------ DATA PROVIDED ------

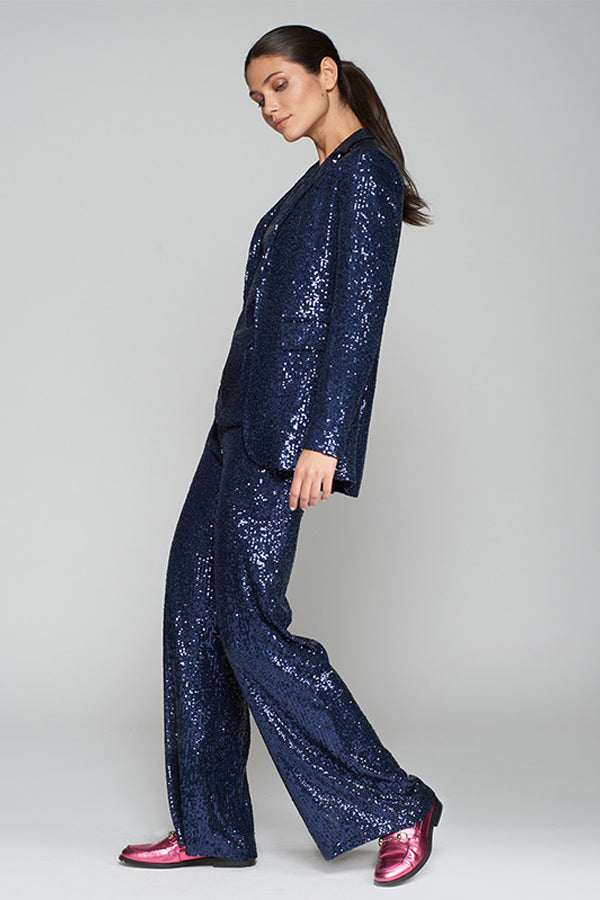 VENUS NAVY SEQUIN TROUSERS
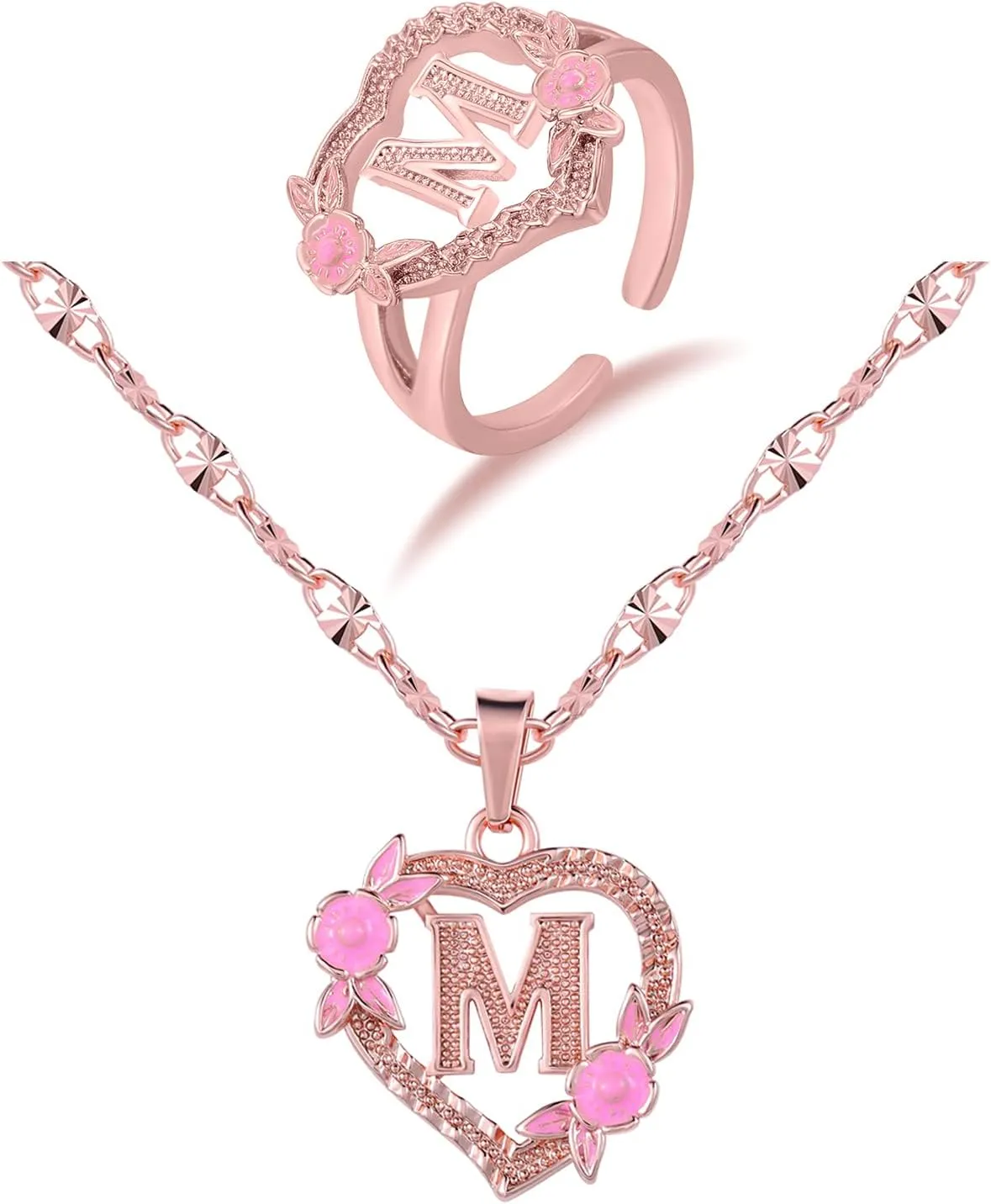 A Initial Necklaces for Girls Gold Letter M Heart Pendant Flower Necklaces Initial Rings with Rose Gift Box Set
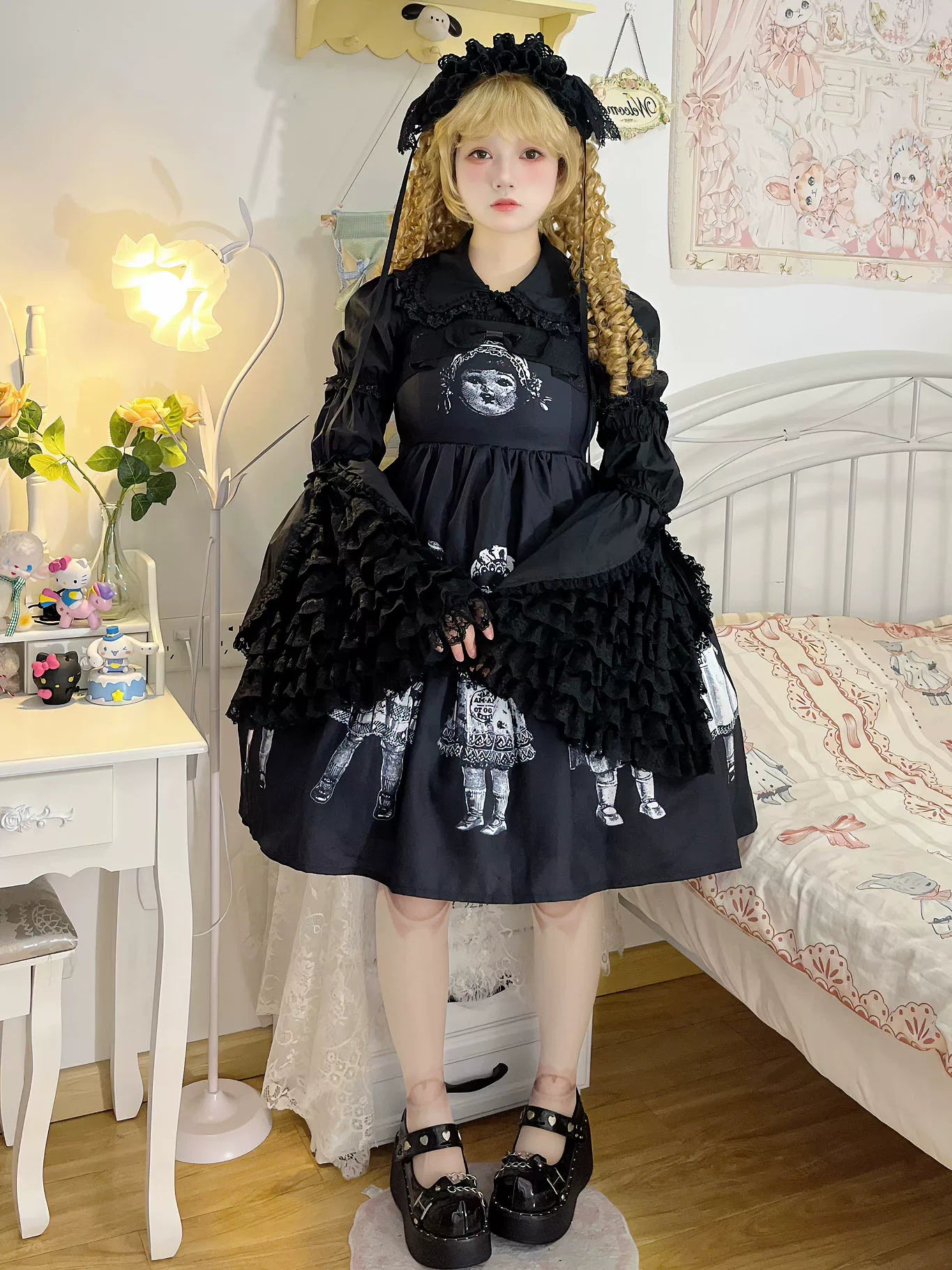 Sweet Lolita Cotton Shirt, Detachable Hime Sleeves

------

An exact transcription of the listing is required, and it must contain no pictures.

 VENUS NAVY SEQUIN TROUSERS
 A Initial Necklaces for Girls Gold Letter M Heart Pendant Flower Necklaces Initial Rings with Rose Gift Box Set
 Sweet Lolita Cotton Shirt, Detachable Hime Sleeves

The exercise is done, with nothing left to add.